TG-ASR: Translation-Guided Learning with Parallel Gated Cross Attention for Low-Resource Automatic Speech Recognition
New AI framework leverages Mandarin subtitles to transcribe Taiwanese Hokkien with 14.77% fewer errors.
A research team led by Cheng-Yeh Yang and Hung-Shin Lee has introduced TG-ASR, a novel framework designed to tackle the persistent challenge of automatic speech recognition (ASR) for low-resource languages. The work, accepted at LREC 2026, specifically targets Taiwanese Hokkien, a language where transcribed audio data is scarce but a wealth of spoken content exists in dramas with Mandarin subtitles. The core innovation is a translation-guided learning approach that allows the ASR system to leverage these readily available Mandarin translations as a supervisory signal, effectively using a high-resource language to bootstrap understanding of a low-resource one. To support this research, the team also released YT-THDC, a new 30-hour corpus of Taiwanese Hokkien drama speech with aligned Mandarin subtitles and verified transcriptions.
The technical breakthrough of TG-ASR is its Parallel Gated Cross-Attention (PGCA) mechanism. This component sits within the ASR decoder and adaptively integrates semantic embeddings from auxiliary languages (like Mandarin) into the process of predicting characters in the target language (Hokkien). The "gated" design is crucial—it controls the flow of cross-linguistic information, ensuring the model receives robust semantic guidance from translations while minimizing interference and maintaining stable optimization. Comprehensive experiments identified which auxiliary languages most effectively enhance performance, with the final system demonstrating a significant 14.77% relative reduction in Character Error Rate (CER).
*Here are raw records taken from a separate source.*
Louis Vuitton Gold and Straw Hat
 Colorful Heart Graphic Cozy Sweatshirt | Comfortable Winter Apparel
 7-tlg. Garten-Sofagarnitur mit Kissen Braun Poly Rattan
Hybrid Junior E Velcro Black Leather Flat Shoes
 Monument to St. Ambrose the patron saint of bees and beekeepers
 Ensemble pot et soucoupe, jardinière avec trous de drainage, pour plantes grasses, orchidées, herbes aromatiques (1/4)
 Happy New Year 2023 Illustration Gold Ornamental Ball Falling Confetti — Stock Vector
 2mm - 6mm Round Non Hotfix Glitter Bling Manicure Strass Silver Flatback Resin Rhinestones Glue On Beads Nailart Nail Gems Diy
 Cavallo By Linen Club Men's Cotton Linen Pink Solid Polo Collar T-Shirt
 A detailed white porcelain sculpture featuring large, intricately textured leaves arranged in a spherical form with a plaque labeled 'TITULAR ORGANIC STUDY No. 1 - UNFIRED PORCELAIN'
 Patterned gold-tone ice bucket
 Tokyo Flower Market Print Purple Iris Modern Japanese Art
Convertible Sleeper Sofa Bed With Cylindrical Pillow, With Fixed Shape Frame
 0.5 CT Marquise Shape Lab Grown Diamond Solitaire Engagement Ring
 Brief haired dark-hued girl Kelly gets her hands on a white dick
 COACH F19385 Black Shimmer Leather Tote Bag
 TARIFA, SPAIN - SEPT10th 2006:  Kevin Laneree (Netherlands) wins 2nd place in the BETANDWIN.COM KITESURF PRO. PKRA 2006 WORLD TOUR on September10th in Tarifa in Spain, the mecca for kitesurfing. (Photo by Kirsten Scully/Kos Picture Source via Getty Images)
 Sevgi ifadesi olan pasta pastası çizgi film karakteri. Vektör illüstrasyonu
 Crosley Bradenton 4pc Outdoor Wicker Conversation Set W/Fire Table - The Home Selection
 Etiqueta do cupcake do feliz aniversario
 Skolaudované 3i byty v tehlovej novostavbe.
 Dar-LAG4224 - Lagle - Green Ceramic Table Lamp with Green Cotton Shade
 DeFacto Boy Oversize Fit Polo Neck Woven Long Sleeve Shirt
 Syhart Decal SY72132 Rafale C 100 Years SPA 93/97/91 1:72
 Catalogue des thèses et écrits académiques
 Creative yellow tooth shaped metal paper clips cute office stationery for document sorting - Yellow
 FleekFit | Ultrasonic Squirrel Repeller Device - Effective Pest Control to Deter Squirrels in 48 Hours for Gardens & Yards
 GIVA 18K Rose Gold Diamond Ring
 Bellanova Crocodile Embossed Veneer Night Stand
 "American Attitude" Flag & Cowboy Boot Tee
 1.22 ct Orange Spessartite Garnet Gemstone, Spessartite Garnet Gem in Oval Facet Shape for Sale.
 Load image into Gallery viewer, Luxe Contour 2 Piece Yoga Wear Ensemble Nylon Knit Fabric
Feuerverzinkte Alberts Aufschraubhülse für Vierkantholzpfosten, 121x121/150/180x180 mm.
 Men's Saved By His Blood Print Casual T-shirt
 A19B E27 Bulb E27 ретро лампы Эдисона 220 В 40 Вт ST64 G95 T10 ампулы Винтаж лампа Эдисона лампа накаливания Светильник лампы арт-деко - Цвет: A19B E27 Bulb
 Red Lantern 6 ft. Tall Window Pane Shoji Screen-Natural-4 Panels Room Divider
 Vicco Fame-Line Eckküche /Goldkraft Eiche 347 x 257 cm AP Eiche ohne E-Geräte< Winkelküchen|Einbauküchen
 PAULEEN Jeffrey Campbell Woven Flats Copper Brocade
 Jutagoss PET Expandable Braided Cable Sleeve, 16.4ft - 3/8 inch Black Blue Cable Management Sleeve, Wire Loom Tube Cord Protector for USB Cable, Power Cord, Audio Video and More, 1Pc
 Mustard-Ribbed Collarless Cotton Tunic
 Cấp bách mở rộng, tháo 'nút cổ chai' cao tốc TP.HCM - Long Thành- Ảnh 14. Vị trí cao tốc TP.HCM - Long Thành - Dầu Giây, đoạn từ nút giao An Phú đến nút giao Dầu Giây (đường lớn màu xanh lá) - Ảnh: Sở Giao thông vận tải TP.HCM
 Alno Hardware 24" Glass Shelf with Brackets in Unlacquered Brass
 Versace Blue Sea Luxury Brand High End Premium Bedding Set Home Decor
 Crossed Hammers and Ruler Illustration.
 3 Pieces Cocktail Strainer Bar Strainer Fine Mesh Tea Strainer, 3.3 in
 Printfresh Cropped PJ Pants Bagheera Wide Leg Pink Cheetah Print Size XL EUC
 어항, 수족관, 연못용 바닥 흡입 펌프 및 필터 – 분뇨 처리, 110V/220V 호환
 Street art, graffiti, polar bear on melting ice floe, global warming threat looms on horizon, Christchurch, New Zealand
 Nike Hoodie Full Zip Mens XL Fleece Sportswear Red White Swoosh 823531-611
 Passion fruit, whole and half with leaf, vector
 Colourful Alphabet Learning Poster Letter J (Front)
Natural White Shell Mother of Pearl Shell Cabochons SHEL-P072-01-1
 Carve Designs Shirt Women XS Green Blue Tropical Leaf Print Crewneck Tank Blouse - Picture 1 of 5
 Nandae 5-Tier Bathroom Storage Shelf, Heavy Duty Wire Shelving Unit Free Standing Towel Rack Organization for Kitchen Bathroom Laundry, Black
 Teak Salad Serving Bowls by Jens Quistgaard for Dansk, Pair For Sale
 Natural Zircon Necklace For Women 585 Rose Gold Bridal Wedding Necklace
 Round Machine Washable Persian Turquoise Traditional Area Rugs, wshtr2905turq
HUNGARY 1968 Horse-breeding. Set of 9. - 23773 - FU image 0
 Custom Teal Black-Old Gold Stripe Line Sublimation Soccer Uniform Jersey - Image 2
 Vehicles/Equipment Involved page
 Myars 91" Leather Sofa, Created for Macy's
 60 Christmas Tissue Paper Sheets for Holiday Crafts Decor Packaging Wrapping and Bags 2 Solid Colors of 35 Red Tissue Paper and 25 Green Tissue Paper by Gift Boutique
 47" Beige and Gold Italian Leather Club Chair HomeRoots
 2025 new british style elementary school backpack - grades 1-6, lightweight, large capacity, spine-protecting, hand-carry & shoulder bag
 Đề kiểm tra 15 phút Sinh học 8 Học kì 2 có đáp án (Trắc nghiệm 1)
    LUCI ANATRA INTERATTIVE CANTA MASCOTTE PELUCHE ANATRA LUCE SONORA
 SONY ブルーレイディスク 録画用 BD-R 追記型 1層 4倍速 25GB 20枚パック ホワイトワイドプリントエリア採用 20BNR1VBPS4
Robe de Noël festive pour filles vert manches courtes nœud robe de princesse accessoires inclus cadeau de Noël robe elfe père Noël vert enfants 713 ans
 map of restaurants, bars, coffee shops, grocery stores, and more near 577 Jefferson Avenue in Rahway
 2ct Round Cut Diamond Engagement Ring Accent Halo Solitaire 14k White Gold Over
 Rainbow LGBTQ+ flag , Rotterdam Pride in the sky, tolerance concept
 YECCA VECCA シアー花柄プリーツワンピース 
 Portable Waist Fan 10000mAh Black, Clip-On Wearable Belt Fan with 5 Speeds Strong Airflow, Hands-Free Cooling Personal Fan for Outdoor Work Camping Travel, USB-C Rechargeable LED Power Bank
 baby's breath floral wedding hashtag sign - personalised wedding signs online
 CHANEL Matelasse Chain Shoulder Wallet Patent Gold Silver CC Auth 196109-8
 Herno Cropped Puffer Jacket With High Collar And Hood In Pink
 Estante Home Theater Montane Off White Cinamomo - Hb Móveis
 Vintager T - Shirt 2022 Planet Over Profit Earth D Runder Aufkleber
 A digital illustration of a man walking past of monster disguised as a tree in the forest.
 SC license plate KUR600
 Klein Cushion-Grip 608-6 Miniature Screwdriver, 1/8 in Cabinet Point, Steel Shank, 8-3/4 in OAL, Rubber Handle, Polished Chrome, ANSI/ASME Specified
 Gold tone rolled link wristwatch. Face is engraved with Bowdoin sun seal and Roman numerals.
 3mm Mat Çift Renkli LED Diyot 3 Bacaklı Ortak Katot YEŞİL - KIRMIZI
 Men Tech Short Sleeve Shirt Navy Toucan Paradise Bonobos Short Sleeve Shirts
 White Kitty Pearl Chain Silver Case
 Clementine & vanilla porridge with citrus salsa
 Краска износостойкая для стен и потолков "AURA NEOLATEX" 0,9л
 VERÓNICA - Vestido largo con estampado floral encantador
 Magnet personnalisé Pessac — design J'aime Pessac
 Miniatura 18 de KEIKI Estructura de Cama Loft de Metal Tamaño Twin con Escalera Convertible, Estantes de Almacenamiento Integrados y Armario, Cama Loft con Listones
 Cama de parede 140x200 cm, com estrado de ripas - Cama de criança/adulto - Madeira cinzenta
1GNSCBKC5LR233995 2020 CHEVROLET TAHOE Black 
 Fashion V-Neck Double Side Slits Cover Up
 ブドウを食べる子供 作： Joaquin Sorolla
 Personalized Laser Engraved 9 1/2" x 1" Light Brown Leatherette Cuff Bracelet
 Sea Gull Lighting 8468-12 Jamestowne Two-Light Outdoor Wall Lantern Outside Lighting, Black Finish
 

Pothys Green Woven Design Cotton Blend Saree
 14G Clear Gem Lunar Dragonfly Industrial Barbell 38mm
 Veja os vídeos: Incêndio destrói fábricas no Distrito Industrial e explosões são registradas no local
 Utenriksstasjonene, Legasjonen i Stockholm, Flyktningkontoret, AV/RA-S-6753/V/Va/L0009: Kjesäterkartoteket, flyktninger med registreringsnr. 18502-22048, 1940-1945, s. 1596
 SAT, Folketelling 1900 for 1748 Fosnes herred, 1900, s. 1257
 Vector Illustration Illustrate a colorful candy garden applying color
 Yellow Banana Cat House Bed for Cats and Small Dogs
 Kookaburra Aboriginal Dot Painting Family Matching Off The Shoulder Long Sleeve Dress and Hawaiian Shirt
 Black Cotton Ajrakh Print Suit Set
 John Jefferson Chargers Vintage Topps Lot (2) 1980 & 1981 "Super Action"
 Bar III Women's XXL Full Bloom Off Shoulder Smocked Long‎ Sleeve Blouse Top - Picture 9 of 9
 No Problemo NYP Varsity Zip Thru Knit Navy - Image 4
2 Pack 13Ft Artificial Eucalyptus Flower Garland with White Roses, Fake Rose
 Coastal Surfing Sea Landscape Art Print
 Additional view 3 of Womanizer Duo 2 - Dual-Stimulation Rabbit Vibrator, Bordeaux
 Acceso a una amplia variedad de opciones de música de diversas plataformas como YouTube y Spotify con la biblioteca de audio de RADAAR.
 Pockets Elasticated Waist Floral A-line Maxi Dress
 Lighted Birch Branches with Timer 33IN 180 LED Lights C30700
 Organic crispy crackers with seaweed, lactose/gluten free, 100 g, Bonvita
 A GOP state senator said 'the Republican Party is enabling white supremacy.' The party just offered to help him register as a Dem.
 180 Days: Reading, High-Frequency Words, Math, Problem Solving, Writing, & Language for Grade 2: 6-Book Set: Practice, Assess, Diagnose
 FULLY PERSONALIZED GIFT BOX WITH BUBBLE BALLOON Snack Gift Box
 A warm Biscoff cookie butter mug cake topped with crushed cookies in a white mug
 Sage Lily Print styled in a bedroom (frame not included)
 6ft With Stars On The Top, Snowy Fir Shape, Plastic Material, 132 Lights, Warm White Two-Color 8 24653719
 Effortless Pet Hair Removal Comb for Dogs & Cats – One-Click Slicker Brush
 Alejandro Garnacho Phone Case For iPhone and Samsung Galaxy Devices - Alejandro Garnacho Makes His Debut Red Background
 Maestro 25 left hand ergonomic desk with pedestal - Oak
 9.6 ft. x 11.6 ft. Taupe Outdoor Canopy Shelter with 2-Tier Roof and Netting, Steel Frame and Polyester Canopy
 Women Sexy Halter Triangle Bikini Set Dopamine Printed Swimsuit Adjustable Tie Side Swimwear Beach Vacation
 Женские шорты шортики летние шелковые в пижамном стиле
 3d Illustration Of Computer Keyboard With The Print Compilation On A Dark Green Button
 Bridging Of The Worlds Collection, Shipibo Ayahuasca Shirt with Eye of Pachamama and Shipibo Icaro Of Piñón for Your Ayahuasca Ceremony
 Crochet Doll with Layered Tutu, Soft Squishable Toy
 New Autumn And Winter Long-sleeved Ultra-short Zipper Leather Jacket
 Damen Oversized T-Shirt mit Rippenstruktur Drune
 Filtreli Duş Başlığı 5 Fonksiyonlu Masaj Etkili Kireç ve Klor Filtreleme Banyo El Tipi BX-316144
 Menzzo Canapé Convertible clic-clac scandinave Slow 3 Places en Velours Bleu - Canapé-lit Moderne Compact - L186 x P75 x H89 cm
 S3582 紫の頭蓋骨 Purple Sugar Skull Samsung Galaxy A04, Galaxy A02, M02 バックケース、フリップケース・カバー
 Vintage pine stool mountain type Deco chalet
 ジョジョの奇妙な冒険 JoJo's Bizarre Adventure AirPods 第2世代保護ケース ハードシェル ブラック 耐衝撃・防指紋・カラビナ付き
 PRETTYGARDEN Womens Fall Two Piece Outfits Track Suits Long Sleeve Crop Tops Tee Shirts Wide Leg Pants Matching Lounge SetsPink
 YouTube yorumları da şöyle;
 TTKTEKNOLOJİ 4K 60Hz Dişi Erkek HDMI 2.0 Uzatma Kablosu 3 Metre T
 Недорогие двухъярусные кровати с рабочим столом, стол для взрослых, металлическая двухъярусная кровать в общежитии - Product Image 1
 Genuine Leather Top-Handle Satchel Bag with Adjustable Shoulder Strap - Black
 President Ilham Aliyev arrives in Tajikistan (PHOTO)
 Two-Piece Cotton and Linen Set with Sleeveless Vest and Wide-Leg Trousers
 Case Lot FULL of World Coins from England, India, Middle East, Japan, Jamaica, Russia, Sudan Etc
This approach provides a practical blueprint for applying AI to hundreds of other underrepresented languages that suffer from similar data scarcity but may have paired translation content.
- Uses a novel Parallel Gated Cross-Attention (PGCA) mechanism to integrate multilingual translation data into the ASR decoder.
- Achieves a 14.77% relative reduction in Character Error Rate for Taiwanese Hokkien by learning from Mandarin subtitles.
- Introduces and releases the YT-THDC, a new 30-hour open corpus of aligned Hokkien speech and Mandarin subtitles for research.
Why It Matters
Provides a scalable blueprint for building accurate speech AI for hundreds of low-resource, underrepresented global languages using existing translation data.